Principal among the organizing principles is kinship, both sanguinal and affinal. Relationship with parents and parental relatives is equal in terms of how these relationships are named. The difference is only in the way one behaves with a particular relative. Often it is the frequency and intimacy of interaction that define the difference. The structure of leadership is hardly defined and may only be specific to occasions. The most incipient form is probably one where the difference in role is only one based on prestige or economic levels. In larger communities, an individual is recognized because of personal prowess, but in most other cases even this is tempered by a council composed of the elders.
Religion is amorphous and phenomenon-bound. References are often made to an overall “owner” of natural resources that the people exploit and to whom some returns are periodically made. Or there might be a super-entity who is beyond all mundane things. There are spirits and pseudo-supernatural forces in the world about them that affect their lives unless these are propitiated.
Broad spectrum dry cultivation supplements gathering and hunting among other groups that occupy the Philippine highlands like the Subanon, Mandaya, Mansaka, Manubo, T’boli, and others in Mindanao, the Pala’wan and Tagbanua of Palawan, the various Mangyan groups of Mindoro, and many others. Such cultivation has repercussions on the sociology of these groups.

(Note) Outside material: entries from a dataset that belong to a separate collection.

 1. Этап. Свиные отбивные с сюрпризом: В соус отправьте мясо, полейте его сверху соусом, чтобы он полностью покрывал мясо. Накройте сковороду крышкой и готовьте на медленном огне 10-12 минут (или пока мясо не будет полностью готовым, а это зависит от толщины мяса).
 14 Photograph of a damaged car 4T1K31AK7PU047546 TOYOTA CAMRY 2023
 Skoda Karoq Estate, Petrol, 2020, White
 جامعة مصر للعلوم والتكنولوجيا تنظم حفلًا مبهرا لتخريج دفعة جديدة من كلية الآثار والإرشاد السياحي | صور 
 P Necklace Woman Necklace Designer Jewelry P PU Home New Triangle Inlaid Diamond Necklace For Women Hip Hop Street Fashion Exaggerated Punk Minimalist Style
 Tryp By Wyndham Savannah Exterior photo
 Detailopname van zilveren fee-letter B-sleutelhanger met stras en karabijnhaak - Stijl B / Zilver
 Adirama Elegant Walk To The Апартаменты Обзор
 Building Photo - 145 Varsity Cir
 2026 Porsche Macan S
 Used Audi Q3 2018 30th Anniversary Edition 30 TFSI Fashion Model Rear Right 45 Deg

The cropping of cultigens has further effects on sedentism and the increase in interpersonal relations since communities tended more and more to be nucleated under these conditions. In this stage environmental degeneration results in the imbalance between man and land ratio. A homeostatic condition no longer exists to balance natural regeneration and man’s exploitive intrusions into his ecosystem such that agricultural production has to supplement the minimum subsistence requirements of populations.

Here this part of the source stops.